In the present moment, Oct 2007

From time to time, there are defining moments in our journey.

Today, the women of tango walked into my life. The female singers I mean.

Before today, beyond a cursory acquitance, my familiarity with the female singers of tango was sadly limited to Ada Falcon (see the section on “Yo no sé que me han hecho tus ojos" in Música del Alma). I don’t know why I never felt the urge to expand my repertoire beyond the male singers. Sometimes, things fall in place naturally when we are ready for it.

Well, earlier today I was happily shopping for tango music and chatting to the nice lady helping me in the shop. For some reason, one after another, female tango singers kept popping into the picture. Starting with Ada Falcon. Next came Azucena Maizani. Then Mercedes Simone. A while later, a record was playing and I managed to identify Libertad Lamarque singing. No mean feat since I can count on my 2 hands the number of times I have heard Libertad Lamarque.
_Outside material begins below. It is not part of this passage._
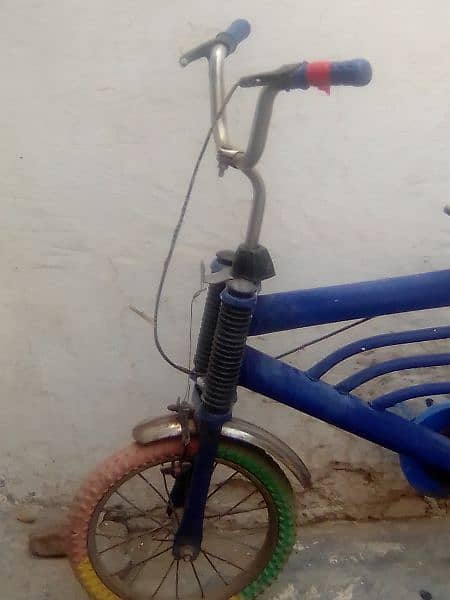 kids cycle for sale 6000 2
Finally, the lady bought out a CD “Se Va La Vida – Tango Ladies, 1923-54”. It has the range of era in tango music that I like. I even liked the cover. Sadly the CD was a bit pricey so I didn’t get it.

Inspired by the appearance en masse of these grand dames of tango in a single afternoon, I came home and looked up the singers on Todotango and sampled their songs respectively. I enjoyed the write-up on the singers, the descriptions of their voice and what characterized their singing. I have added the links, you can read about Rosita Quiroga, Azucena Maizani, Mercedes Simone, Ada Falcón, Libertad Lamarque, Nelly Omar and Tita Merello.

In particular, 2 anecdotes from Todotango caught my attention. The first was a piece of “tango tabloid”☺. Many singers of bygone eras also starred in movies. The same phenomenon happened in the East. Anyway, Libertad Lamarque starred in over 20 movies in Argentina. During one shooting, a harsh argument arose between Libertad and the actress Eva Duarte. It was said that after the incident, difficulties to Libertad Lamarque’s career sprang up and she had to emigrate to Mexico. And yes. This is the same Eva who latter married a man named Juan Perón. At the time of the “fight” she was already linked with the future “El Presidente”. Read about the woman Eva Perón loved to hate in "Two Tough Dolls".

The second was a touching letter to Rosita Quiroga from Yoyi Kanematz of Japan, a lover of tango music, written in 1970 in his anticipation of Rosita Quiroga’s visit to Osaka. It holds an account of what tango music meant to the author in the last days of World War II.

Grand ladies of tango, I shall enjoy getting to know you better in the coming days.